Hi. Anybody out there with 3 batteries up in the front hatch?

I want to add my engine batt up front with my 24v trolling batts. So my set up will be batt1= engine, batt2 = engine and trolling motor, batt3= trolling motor. Basically it's a shared 12v/24v setup because batt2 and batt3 are in series to the trolling motor. You know what I mean.

So here is my question -
How many cables do I run under the gunwale to my Perko switch and negative block. I think it's going to be 3 only. Two positives and one negative. One pos to batt1 and one pos to batt2 and one neg jumpered from batt1 and batt2 to the neg block or engine neg.
Do I have this riight?

thanks!!!!!!

TOO


----------



## Travisloyd07 (Jan 31, 2014)

Yes that is right. I have a similar setup.


----------



## MariettaMike (Jun 14, 2012)

Tie One On said:


> Hi.

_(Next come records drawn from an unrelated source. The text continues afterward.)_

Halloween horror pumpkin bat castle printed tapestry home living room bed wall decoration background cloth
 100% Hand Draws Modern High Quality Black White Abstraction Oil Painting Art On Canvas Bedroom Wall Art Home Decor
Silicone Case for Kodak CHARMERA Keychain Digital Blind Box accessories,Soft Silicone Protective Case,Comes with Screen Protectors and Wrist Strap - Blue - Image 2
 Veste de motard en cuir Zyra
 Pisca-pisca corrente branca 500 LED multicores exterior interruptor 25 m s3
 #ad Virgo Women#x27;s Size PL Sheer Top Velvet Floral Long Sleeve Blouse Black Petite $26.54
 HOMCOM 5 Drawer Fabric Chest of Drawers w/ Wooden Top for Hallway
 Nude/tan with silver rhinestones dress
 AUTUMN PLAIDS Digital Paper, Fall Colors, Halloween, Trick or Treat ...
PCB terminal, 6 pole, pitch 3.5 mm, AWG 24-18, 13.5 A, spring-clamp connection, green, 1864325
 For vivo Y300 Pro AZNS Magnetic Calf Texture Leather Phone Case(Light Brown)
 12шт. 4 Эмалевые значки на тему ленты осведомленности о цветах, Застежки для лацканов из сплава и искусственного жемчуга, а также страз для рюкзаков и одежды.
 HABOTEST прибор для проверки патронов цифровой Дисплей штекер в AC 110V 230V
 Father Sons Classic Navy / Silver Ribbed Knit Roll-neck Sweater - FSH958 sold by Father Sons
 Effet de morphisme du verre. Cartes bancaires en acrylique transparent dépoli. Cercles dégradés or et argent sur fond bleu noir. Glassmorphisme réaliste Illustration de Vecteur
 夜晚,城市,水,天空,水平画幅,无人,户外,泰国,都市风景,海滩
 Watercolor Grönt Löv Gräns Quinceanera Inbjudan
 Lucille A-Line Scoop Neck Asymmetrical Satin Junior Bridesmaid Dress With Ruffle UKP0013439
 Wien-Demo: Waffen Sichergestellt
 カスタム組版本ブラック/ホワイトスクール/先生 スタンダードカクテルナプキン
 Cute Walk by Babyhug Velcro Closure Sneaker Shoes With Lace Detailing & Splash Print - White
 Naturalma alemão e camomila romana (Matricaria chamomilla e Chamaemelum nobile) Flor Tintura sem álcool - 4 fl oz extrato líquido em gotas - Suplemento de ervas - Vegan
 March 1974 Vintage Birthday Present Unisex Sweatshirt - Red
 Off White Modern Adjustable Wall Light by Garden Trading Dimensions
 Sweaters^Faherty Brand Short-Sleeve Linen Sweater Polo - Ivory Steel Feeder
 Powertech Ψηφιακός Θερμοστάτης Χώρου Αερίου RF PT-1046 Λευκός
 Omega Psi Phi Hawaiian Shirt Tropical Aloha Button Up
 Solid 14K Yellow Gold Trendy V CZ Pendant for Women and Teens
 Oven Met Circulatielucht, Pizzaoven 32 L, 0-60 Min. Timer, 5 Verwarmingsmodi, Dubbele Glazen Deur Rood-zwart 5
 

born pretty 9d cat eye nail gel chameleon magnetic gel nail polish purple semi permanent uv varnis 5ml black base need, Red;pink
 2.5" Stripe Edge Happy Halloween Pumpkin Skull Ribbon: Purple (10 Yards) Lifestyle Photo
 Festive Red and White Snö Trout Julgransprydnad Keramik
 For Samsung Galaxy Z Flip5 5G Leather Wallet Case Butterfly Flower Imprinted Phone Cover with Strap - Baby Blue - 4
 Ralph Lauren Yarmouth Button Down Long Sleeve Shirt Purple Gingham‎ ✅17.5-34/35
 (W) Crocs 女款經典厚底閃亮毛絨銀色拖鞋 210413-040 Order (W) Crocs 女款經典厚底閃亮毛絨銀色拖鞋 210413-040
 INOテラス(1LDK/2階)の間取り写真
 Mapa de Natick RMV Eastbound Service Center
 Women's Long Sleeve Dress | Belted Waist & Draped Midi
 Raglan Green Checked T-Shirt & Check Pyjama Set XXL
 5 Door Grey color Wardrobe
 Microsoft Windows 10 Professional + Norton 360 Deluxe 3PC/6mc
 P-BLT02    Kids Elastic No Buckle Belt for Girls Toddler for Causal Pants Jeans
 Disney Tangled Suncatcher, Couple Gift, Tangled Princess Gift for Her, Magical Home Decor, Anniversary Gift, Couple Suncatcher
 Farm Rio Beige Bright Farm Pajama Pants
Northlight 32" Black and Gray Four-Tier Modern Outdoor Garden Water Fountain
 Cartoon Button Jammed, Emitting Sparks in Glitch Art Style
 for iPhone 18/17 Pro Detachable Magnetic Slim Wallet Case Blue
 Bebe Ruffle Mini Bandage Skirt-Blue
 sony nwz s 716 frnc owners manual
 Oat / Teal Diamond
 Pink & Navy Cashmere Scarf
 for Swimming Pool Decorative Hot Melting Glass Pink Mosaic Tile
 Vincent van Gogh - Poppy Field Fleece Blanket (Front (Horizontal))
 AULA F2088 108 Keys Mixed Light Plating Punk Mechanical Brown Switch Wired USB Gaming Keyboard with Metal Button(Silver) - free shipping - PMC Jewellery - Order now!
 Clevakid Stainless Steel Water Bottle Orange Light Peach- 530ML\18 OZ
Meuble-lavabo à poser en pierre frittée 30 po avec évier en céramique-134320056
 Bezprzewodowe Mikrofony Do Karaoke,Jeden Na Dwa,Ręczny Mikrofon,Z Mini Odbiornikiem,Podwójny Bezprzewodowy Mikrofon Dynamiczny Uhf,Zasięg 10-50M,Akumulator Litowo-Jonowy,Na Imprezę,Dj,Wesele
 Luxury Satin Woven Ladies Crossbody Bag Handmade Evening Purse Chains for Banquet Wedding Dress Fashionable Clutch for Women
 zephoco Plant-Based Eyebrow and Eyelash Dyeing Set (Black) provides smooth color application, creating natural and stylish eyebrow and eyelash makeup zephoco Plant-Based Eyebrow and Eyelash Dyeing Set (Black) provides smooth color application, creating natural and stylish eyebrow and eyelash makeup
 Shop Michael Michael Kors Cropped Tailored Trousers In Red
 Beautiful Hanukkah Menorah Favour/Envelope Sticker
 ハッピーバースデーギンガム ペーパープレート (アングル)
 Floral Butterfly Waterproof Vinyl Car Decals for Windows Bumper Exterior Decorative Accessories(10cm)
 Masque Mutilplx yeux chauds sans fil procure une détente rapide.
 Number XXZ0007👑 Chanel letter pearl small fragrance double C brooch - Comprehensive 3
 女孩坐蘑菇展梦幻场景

Anybody out there with 3 batteries up in the front hatch?
> 
> I want to add my engine batt up front with my 24v trolling batts. So my set up will be batt1= engine, batt2 = engine and trolling motor, batt3= trolling motor. Basically it's a shared 12v/24v setup because batt2 and batt3 are in series to the trolling motor. You know what I mean.
> 
> ...



With the added distance from your starting battery to your engine you will want larger gauge wires. Thus I would seriously consider mounting your battery switch up front with the batteries and then all you will need to run is two wires under the gunnel.


----------